EXERCISE REQUIREMENTS: Once you reach the line containing "オレンジ系のスラックス、ブラ", return it and every line after it exactly, through the end of the records below, with no pictures.

PROVIDED RECORDS:

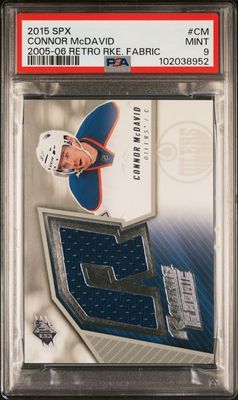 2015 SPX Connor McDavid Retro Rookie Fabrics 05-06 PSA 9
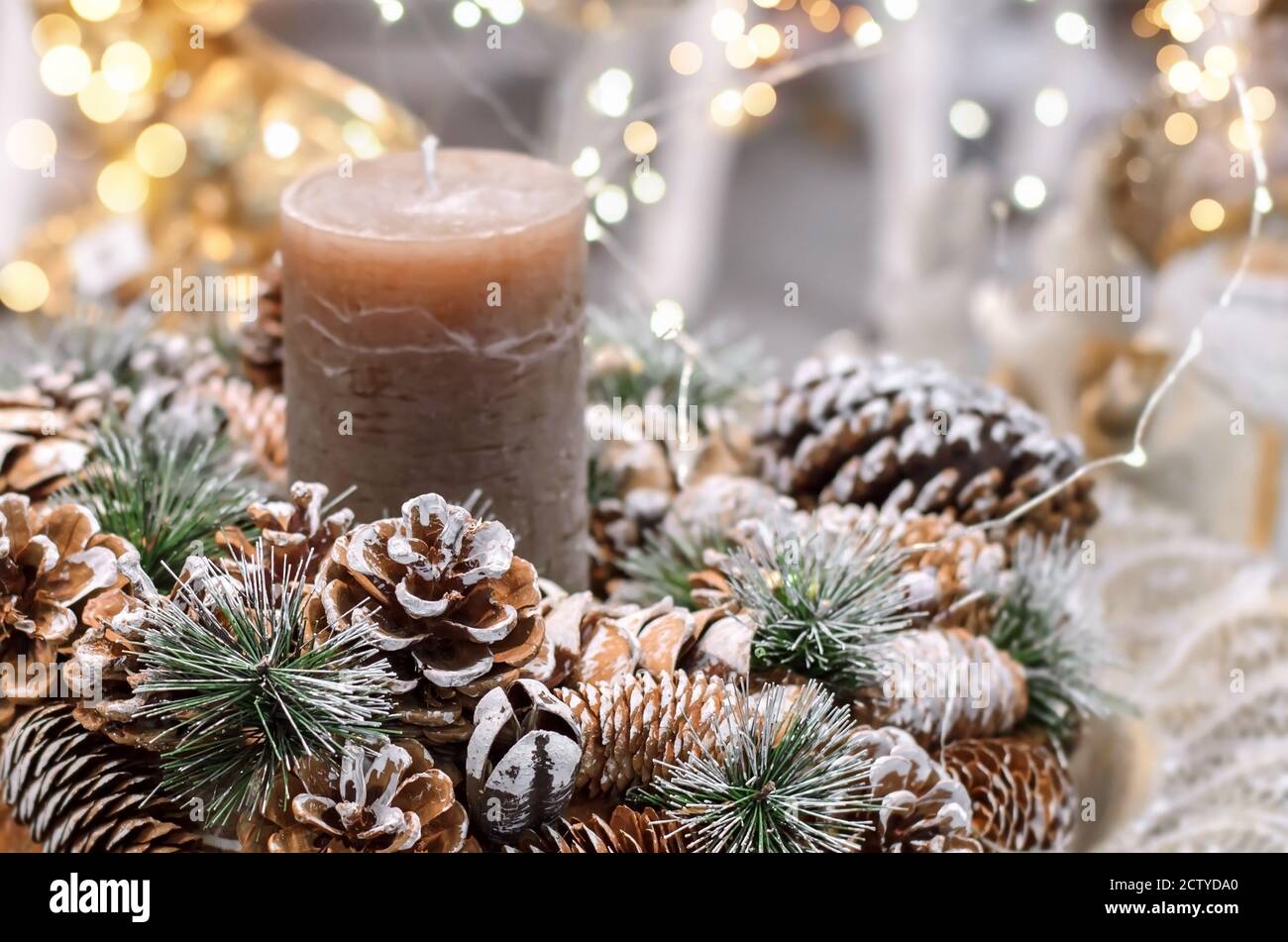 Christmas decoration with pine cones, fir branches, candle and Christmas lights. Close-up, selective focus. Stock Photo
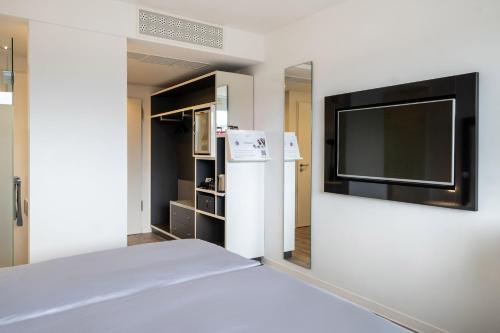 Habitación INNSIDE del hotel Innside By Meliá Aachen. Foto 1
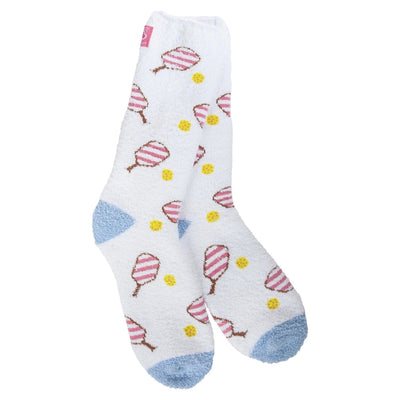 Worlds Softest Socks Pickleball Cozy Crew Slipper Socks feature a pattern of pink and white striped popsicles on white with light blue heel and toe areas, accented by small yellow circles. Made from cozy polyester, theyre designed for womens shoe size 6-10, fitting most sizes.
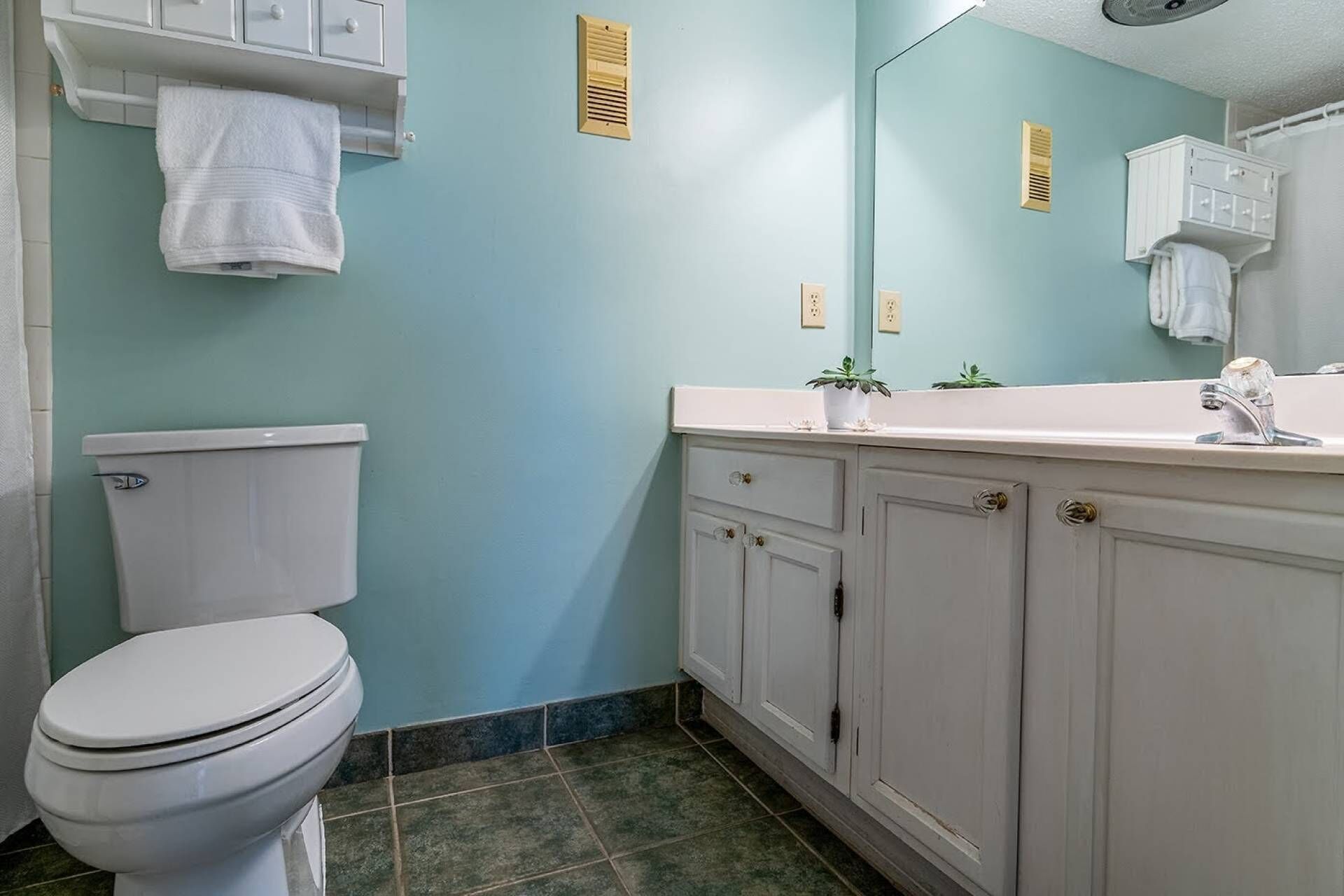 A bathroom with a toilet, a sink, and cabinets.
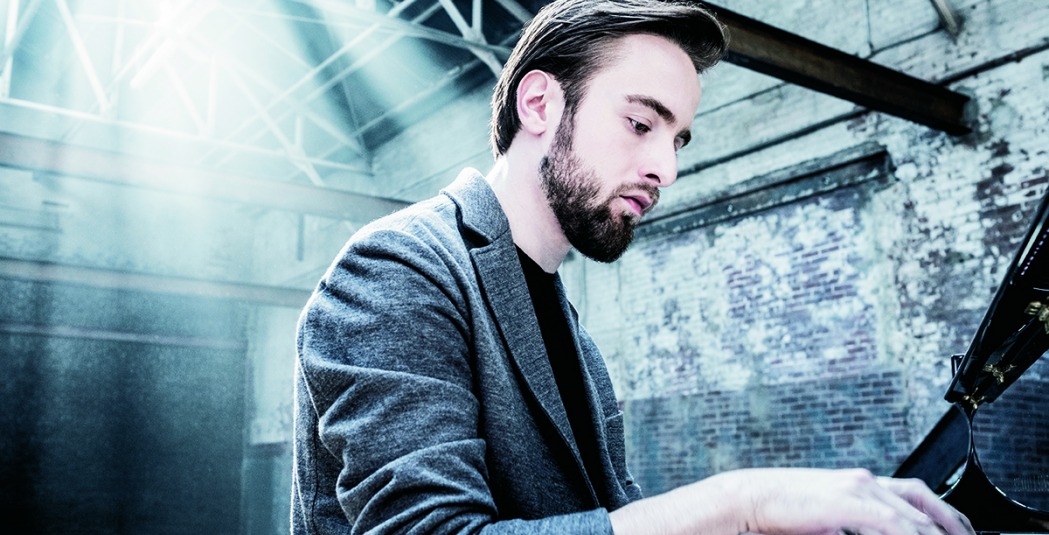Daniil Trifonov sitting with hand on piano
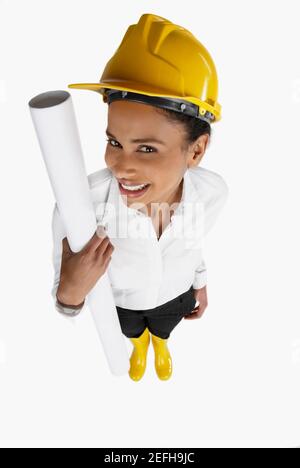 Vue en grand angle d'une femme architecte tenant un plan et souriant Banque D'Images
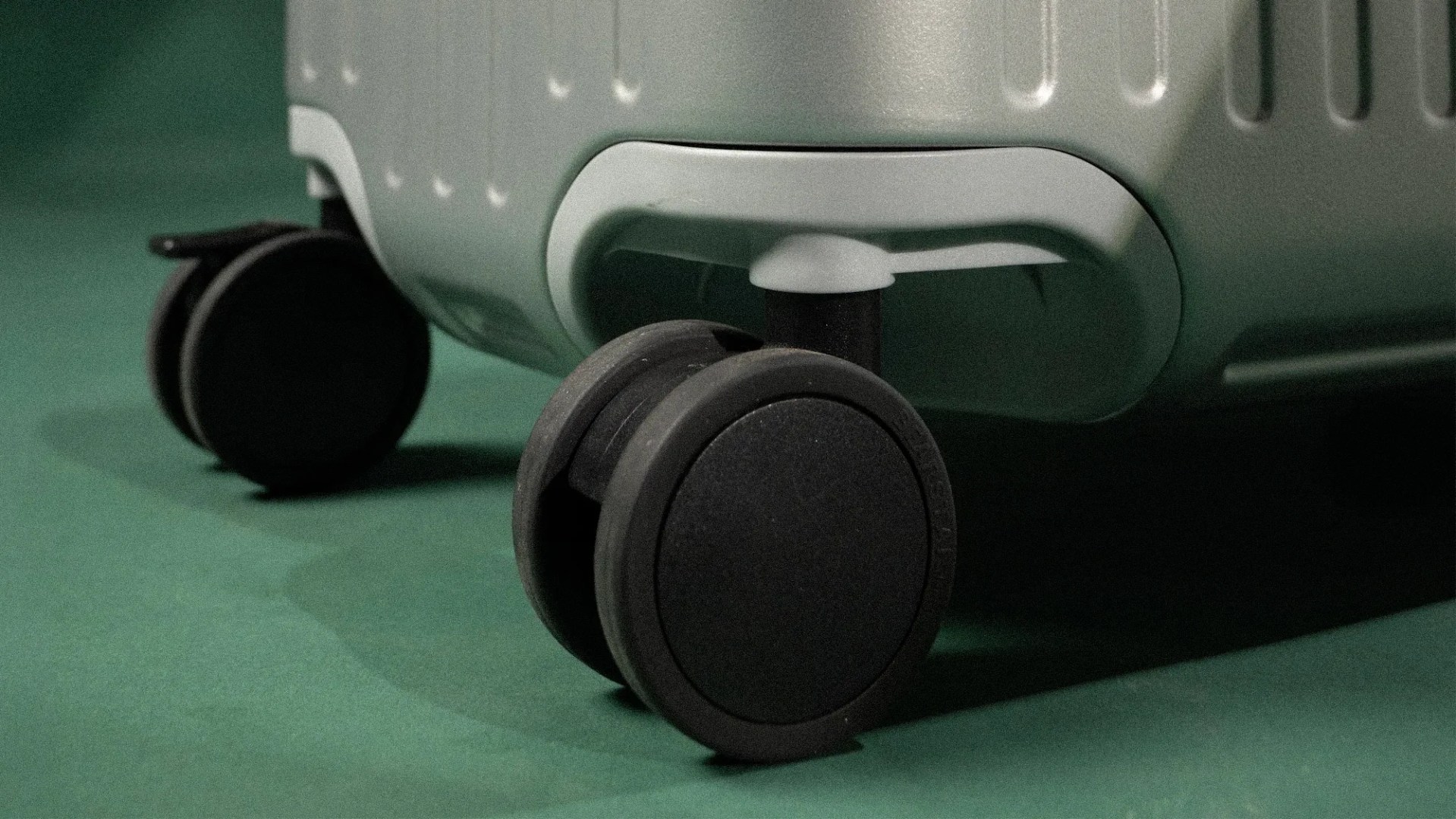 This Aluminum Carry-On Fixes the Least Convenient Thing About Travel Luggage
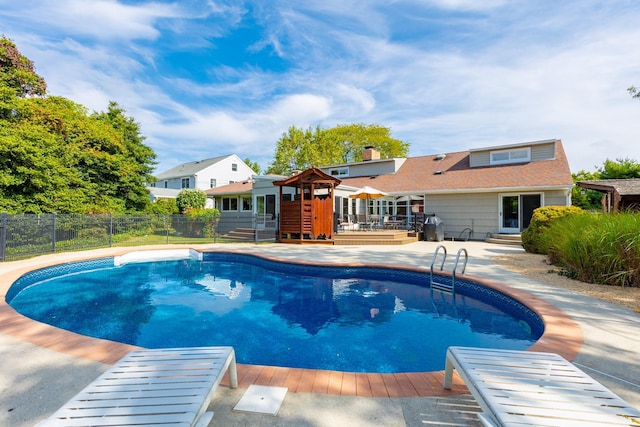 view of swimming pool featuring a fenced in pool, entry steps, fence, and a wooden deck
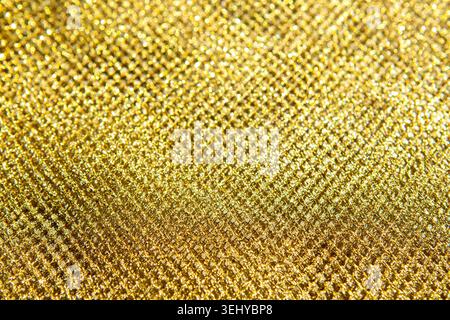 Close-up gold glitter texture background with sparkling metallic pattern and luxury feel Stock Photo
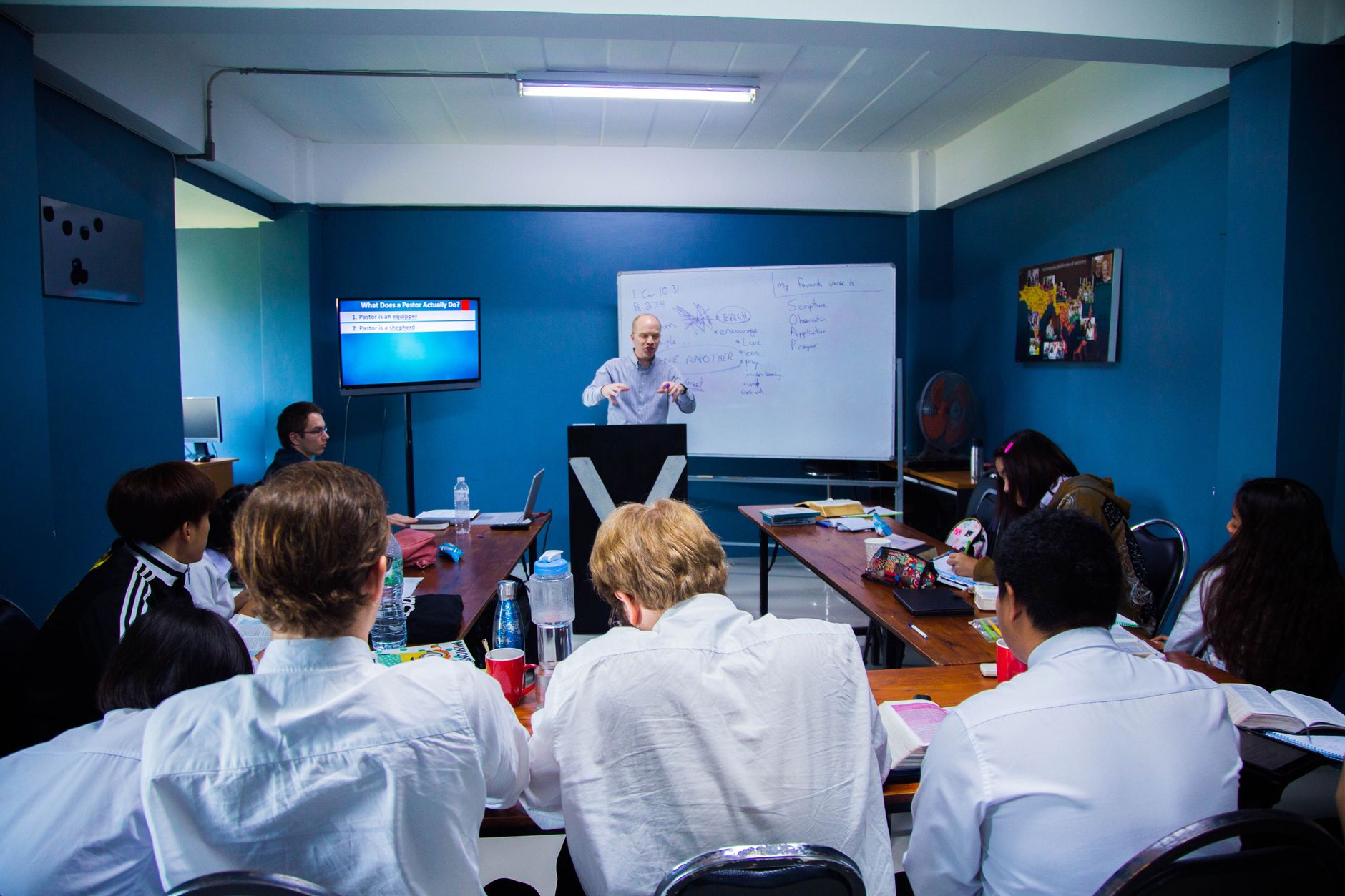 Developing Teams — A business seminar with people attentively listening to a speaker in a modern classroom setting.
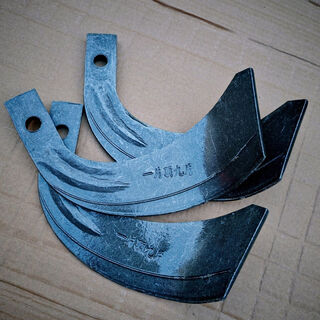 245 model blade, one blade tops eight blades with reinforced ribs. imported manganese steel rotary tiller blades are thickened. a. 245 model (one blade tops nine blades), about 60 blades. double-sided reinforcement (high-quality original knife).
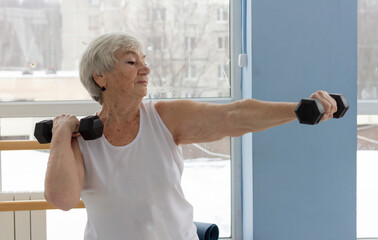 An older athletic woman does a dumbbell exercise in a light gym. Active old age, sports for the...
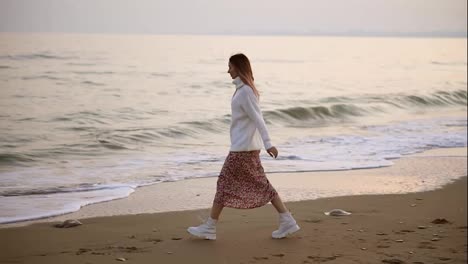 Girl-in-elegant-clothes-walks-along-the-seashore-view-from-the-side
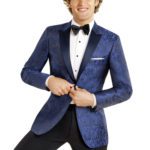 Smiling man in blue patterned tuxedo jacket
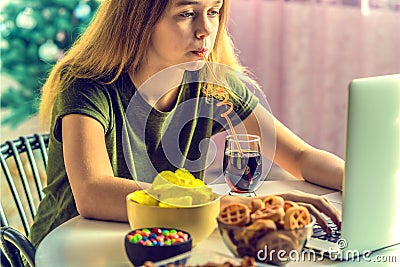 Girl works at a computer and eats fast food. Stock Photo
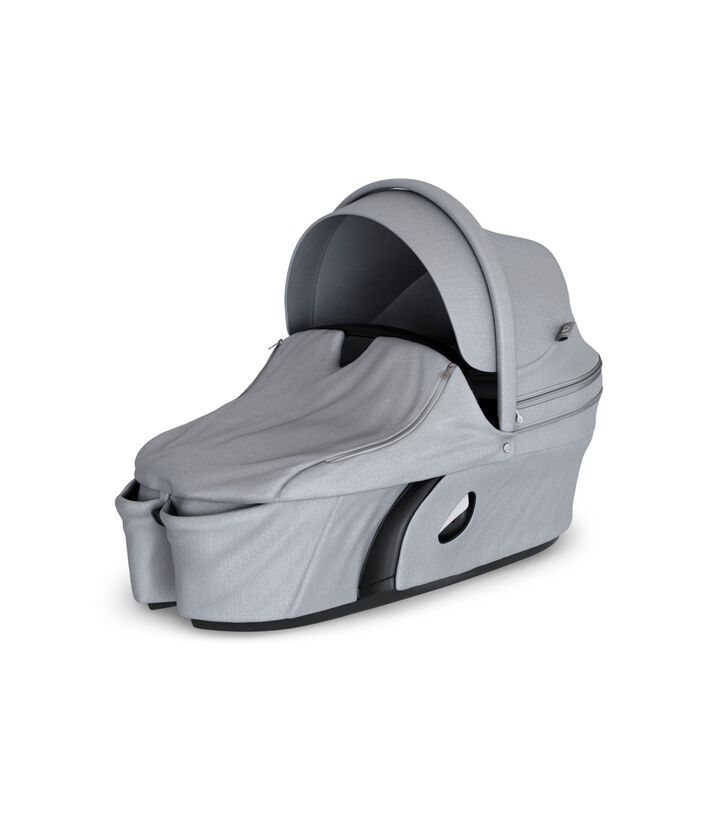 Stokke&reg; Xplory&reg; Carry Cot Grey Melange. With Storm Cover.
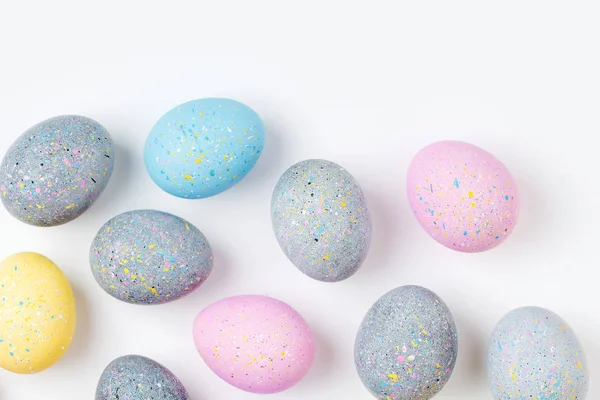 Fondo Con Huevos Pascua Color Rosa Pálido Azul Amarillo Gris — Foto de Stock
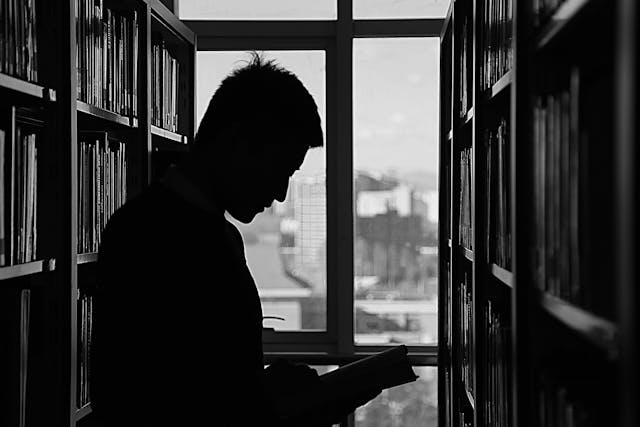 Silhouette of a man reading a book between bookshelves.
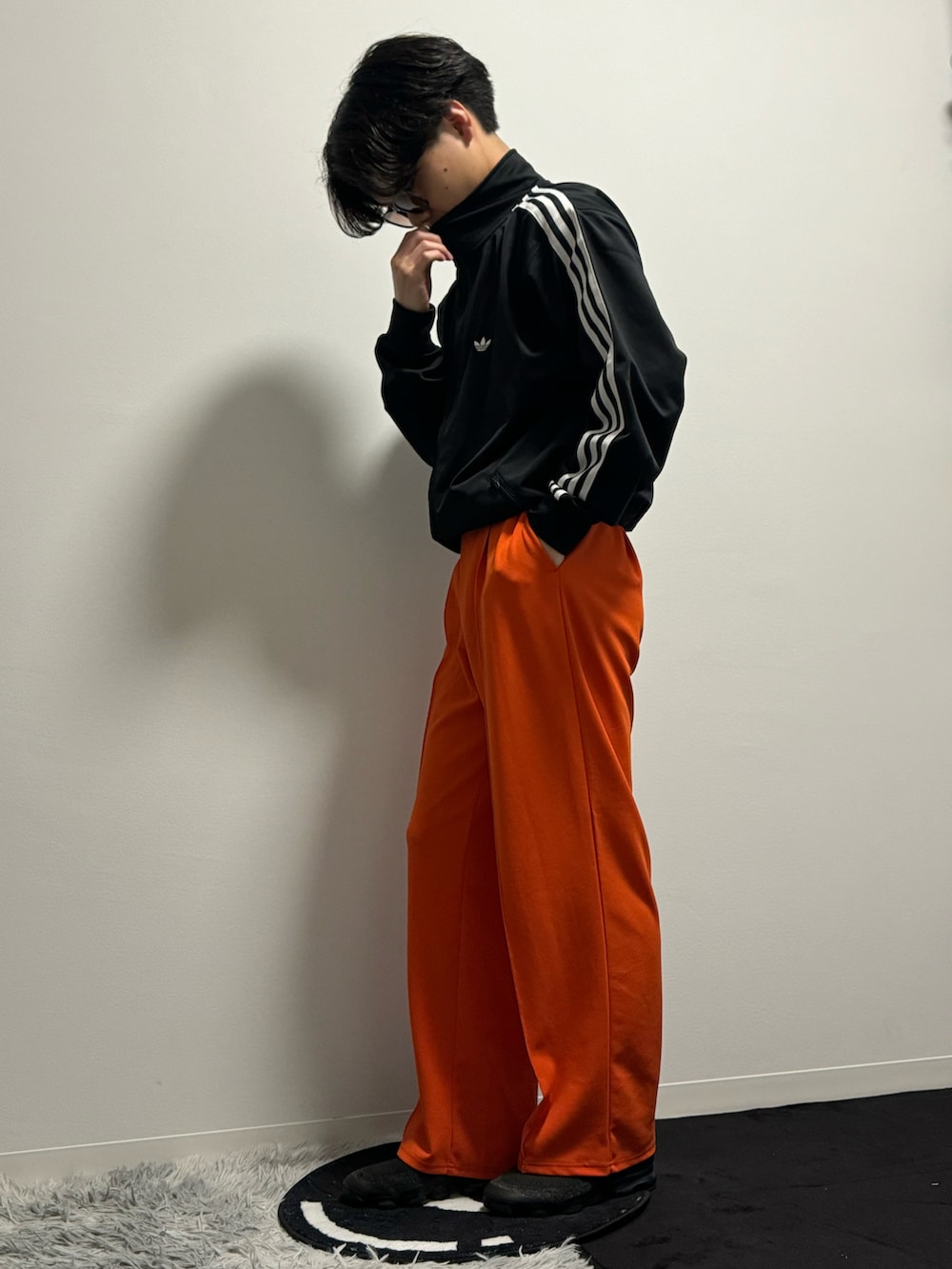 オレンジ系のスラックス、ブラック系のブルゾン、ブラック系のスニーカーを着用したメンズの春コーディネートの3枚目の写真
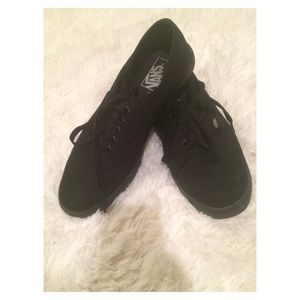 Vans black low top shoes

ANSWER FOR THIS EXERCISE:
 オレンジ系のスラックス、ブラック系のブルゾン、ブラック系のスニーカーを着用したメンズの春コーディネートの3枚目の写真
 Vans black low top shoes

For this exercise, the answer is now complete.